[[ The data, beginning ]]
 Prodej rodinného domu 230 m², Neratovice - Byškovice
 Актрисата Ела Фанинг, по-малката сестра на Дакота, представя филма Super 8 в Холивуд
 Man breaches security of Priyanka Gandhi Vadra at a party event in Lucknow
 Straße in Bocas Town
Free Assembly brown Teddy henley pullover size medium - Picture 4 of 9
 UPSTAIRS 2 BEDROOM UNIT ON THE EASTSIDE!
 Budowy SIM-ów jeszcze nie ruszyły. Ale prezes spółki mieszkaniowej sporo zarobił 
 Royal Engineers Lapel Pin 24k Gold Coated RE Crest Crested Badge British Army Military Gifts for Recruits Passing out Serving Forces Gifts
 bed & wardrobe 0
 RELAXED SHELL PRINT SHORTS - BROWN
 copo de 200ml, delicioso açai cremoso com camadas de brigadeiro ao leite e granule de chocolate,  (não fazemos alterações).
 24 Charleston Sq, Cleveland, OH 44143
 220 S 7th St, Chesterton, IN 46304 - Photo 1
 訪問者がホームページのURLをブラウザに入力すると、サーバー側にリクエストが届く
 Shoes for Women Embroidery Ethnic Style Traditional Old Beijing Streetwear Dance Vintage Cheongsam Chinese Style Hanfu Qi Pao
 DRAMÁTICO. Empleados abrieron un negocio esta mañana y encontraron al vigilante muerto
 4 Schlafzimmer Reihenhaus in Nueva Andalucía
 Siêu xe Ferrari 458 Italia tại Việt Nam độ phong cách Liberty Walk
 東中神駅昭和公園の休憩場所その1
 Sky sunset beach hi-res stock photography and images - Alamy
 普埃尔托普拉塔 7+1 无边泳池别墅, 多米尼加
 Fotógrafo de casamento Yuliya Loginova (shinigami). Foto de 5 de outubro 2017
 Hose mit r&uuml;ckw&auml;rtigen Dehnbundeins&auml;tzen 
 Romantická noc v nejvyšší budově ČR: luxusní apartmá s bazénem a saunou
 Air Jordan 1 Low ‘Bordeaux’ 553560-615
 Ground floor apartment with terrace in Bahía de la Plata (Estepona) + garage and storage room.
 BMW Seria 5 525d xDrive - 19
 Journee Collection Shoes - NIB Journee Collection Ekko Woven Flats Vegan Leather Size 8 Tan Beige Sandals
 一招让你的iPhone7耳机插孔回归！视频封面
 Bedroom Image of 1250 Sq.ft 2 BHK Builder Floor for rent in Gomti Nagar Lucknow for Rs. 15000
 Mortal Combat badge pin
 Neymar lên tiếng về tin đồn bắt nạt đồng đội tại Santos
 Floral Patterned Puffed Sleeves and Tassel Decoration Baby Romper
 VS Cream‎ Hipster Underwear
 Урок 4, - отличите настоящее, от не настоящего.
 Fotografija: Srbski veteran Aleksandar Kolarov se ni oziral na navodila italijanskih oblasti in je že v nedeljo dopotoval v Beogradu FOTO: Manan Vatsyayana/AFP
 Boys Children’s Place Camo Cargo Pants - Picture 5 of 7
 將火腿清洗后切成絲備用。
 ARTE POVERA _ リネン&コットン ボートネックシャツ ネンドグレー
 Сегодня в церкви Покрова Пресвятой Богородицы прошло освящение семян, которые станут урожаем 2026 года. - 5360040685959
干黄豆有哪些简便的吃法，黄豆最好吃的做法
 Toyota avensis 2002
[[ The data, end ]]
Your instructions
Quote the listing word for word from its first line through the line in which "BMW Seria 5 525d xDrive - 19" appears.

Answer for the task
 Prodej rodinného domu 230 m², Neratovice - Byškovice
 Актрисата Ела Фанинг, по-малката сестра на Дакота, представя филма Super 8 в Холивуд
 Man breaches security of Priyanka Gandhi Vadra at a party event in Lucknow
 Straße in Bocas Town
Free Assembly brown Teddy henley pullover size medium - Picture 4 of 9
 UPSTAIRS 2 BEDROOM UNIT ON THE EASTSIDE!
 Budowy SIM-ów jeszcze nie ruszyły. Ale prezes spółki mieszkaniowej sporo zarobił 
 Royal Engineers Lapel Pin 24k Gold Coated RE Crest Crested Badge British Army Military Gifts for Recruits Passing out Serving Forces Gifts
 bed & wardrobe 0
 RELAXED SHELL PRINT SHORTS - BROWN
 copo de 200ml, delicioso açai cremoso com camadas de brigadeiro ao leite e granule de chocolate,  (não fazemos alterações).
 24 Charleston Sq, Cleveland, OH 44143
 220 S 7th St, Chesterton, IN 46304 - Photo 1
 訪問者がホームページのURLをブラウザに入力すると、サーバー側にリクエストが届く
 Shoes for Women Embroidery Ethnic Style Traditional Old Beijing Streetwear Dance Vintage Cheongsam Chinese Style Hanfu Qi Pao
 DRAMÁTICO. Empleados abrieron un negocio esta mañana y encontraron al vigilante muerto
 4 Schlafzimmer Reihenhaus in Nueva Andalucía
 Siêu xe Ferrari 458 Italia tại Việt Nam độ phong cách Liberty Walk
 東中神駅昭和公園の休憩場所その1
 Sky sunset beach hi-res stock photography and images - Alamy
 普埃尔托普拉塔 7+1 无边泳池别墅, 多米尼加
 Fotógrafo de casamento Yuliya Loginova (shinigami). Foto de 5 de outubro 2017
 Hose mit r&uuml;ckw&auml;rtigen Dehnbundeins&auml;tzen 
 Romantická noc v nejvyšší budově ČR: luxusní apartmá s bazénem a saunou
 Air Jordan 1 Low ‘Bordeaux’ 553560-615
 Ground floor apartment with terrace in Bahía de la Plata (Estepona) + garage and storage room.
 BMW Seria 5 525d xDrive - 19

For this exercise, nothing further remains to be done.